This is the fifth article in a series intended to help the CEO think through the issues involved in developing a board to contribute meaningfully to the purpose, vision, strategy and development of the organization. The first article, Your Board: Dynamic, Difficult or Detrimental, dealt with how boards affect the optimization of performance through strategic leadership. The second article in the series, Your Board: Proactive Partnering or Reactive Interference? addressed the role or fit of the board with the organization as a whole. The third article, Your Board’s Approach to Its Responsibilities: Resting on Laurels or Raising the Bar, discussed the responsibilities appropriate to the board’s role. The fourth article, Requirements for Effective Boards … Beyond Finetuning, focused on the key operating needs the board should have in position for it to be effective in its role. This article focuses on strategies and tools for assessing the board’s effectiveness and closing any existing gaps.

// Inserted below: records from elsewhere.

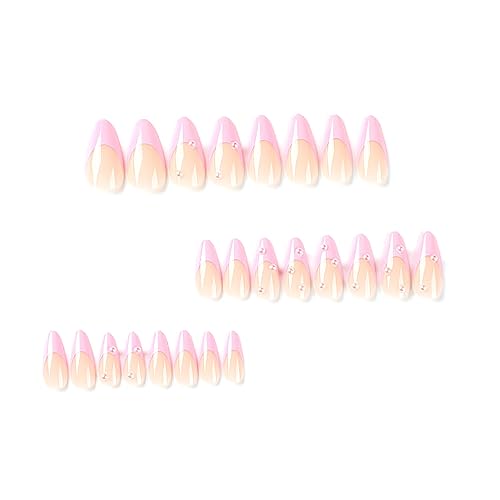 Almond Press on Nails Short White Nails Pearl Acrylic False Nails with Designs Cute Artificial Fake Nails Reusable Glue on Nails Pink Artificial Stick on Nails for Women Girls - Image 4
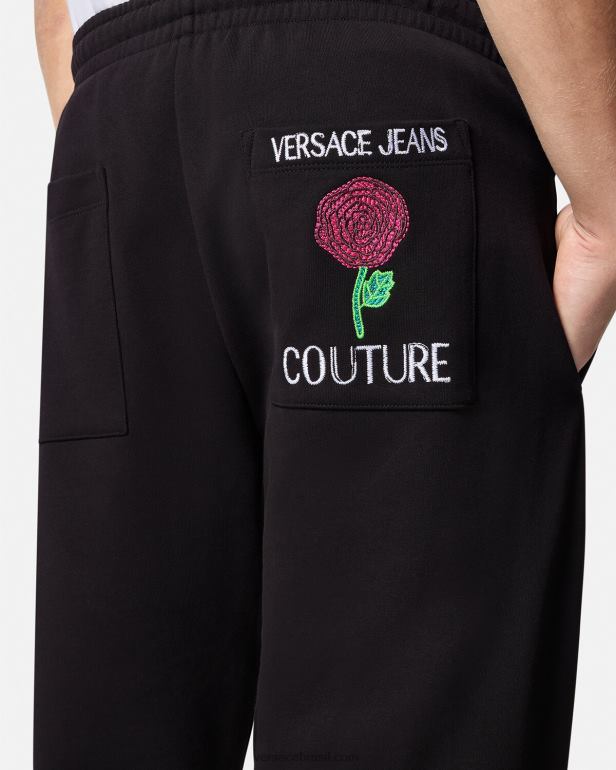 roupas P2TX2381 Versace calça de moletom com logo de rosas preto homens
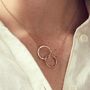 Personalised Textured Medium Double Hoop Names Necklace, thumbnail 2 of 9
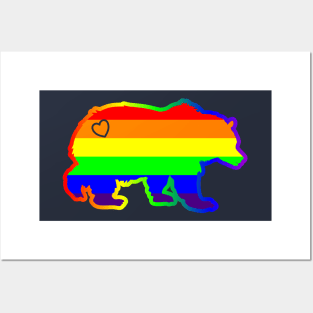 Gay Fathers And Mothers Day LGBTQ Rainbow Bear Heart Posters and Art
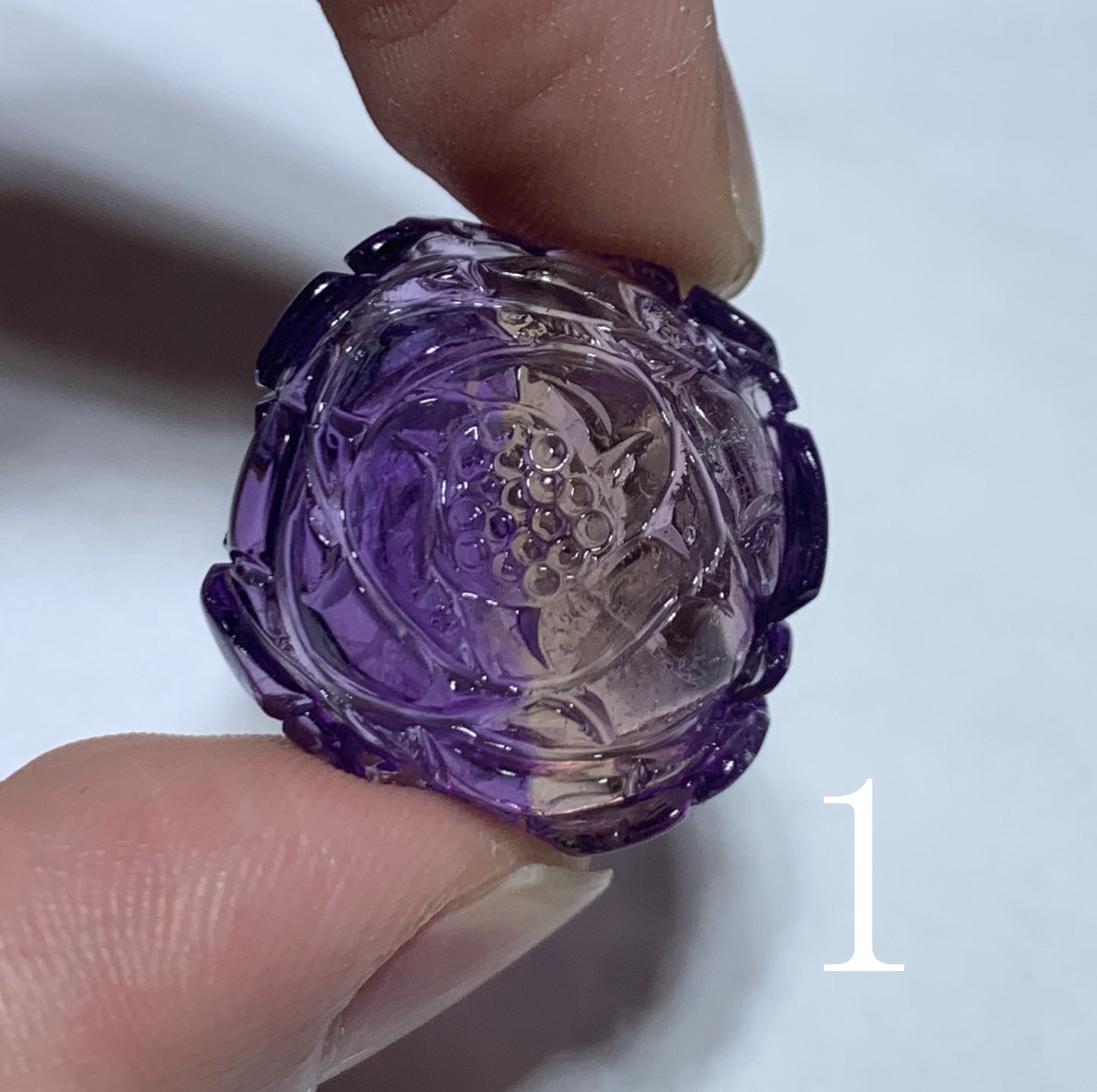 AAAA+ Natural Genuine Ametrine Pendant, Hand-carved Peony Flower Pendant, Flower Shape Pendant, Handmade Jewelry ET580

Why Conduct Board Evaluations?
Credibility with the Investment Community
In our first article in this series we referenced a 1998 Russell Reynolds survey of the best institutional money managers. That survey reports that 70% of those institutional money managers in the US alone have made decisions not to invest in a company because of poor corporate governance practices. With so many companies losing significant stock evaluation in 2000, investors are looking to make more prudent decisions based on the soundness of the companies, which is a product of the quality of leadership the companies receive, including a board’s effectiveness.
Recruiting Capable Directors
In 1999 Korn/Ferry published the 26th Annual Board of Directors Study of more than 1000 directors, including 215 CEOs. Respondents almost unanimously indicated one of the two dominant challenges facing boards over the next five years is finding enough qualified and diversified directors. Eighty-four percent of the respondents in the same study see a direct correlation between the quality of the board and shareholder value.
An effective and talented board is needed to attract other strong directors with specific competencies and expertise required to support the strategic direction of the company. Experienced and talented directors, especially those with CEO experience, are in great demand as potential directors; but they have limited time to serve due to the demands of their own organization. They are choosy and only want to be on a board that:
- makes it worth their time and energy,
- “feeds them” in terms of their own professional growth, and
- provides important links to their own business.
Weak boards do not meet the first two of these criteria and, therefore, often have difficulty in recruiting the level of competencies they need thus affecting the quality of the board and its correlated effect on shareholder value.
Retaining Strong Inside Executive Talent
Progressive CEOs that attract additional strong senior/executive level leaders become very frustrated with having to “kick the ball and drag the board.” They need a partner to be a sounding board in complex decisions and to be eyes and ears to a complex and changing external environment. These strong CEOs have other opportunities put in front of them and a weak board runs a serious risk of losing a strong CEO and the executive team which sees the barriers the CEO is encountering in a weak board.
Establishing Board Accountability
CEOs must hold executive staff accountable and to the extent he/she does not, the organization is likely to under perform. The board must hold the CEO accountable for achieving his/her performance expectations. If it does not, the organization is likely to under perform. The board is accountable to shareholders but must really hold itself accountable and, if it does not, the organization is likely to under perform. The board must also hold itself accountable for its own development.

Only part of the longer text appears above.